Now it was Maggie’s turn to grasp Lucy’s arm and stop her from leaving so abruptly. “What is it, Lucy?” she asked.

Lucy just looked away.

“Lucy?”

“It’s nothing. It’s just what you were saying earlier.” She lowered her voice and looked around the arcade before going on. “I know what you mean, but I can’t talk about it now.”

“Terry hits you?”

“No. Not like… I mean… he’s very strict. It’s for my own good.” She looked Maggie in the eye. “You don’t know me. I’m a wayward child. Terry has to discipline me.”

Wayward, Maggie thought. Discipline. What strange and alarming words to use. “He has to keep you in check? Control you?”

“Yes.” She stood up again. “Look, I must go. It’s been wonderful talking to you. I hope we can be friends.”

“I do, too,” said Maggie. “We really have to talk again. There’s help, you know.”

Lucy flashed her a wan smile and hurried off toward Vicar Lane.

After Lucy had gone, Maggie sat stunned, her hand shaking as she drained her cup. The milky foam was dry and cold against her lips.

Lucy a fellow victim? Maggie couldn’t believe it. This strong, healthy, beautiful woman a victim, just like slight, weak, elfin Maggie? Surely it couldn’t be possible. But hadn’t she sensed something about Lucy? Some kinship, something they had in common. That must be it. That was what she hadn’t wanted to talk to the police about that morning. She knew that she might have to, depending on how serious things were, but she wanted to put off the moment for as long as she could.

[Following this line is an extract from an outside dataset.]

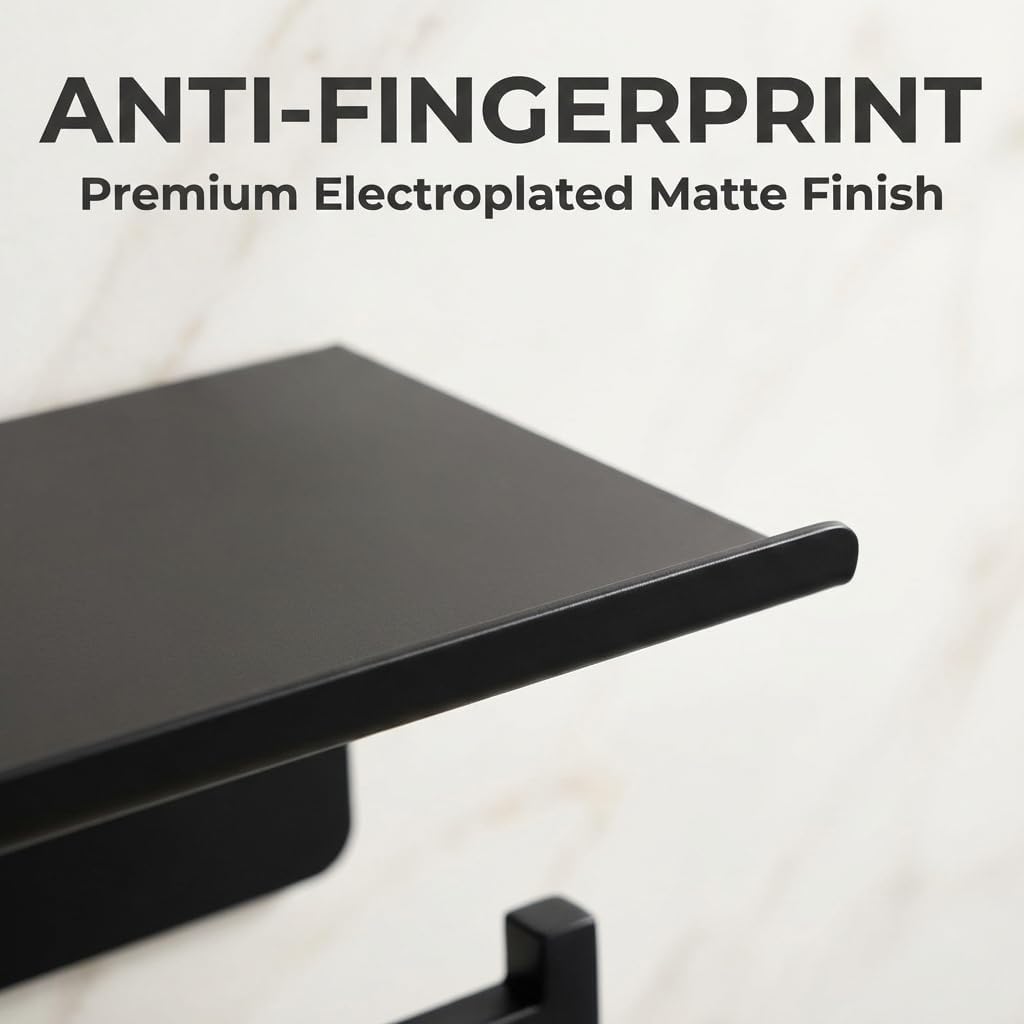 Toilet Paper Holder with Phone Shelf, Matte Black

Thinking of Lucy, Maggie remembered the one thing she had learned about domestic abuse so far: it doesn’t matter who you are. It can still happen to you. Alicia and all her other close friends back home had expressed their wonder at how such a bright, intelligent, successful, caring, educated woman like Maggie could fall victim to a wife beater like Bill. She had seen the expressions on their faces, noticed their conversations hush and shift when she walked in the room. There must be something wrong with her, they were all saying. And that was what she had thought, too, still thought, to some extent. Because to all intents and purposes Bill, too, was bright, intelligent, caring, educated and successful. Until he got his Monster Face on, that is, but only Maggie saw him like that. And it was odd, she thought, that nobody had thought to ask why an intelligent, wealthy, successful lawyer like Bill should feel the need to hit a woman almost a foot shorter and at least eighty pounds lighter than he was.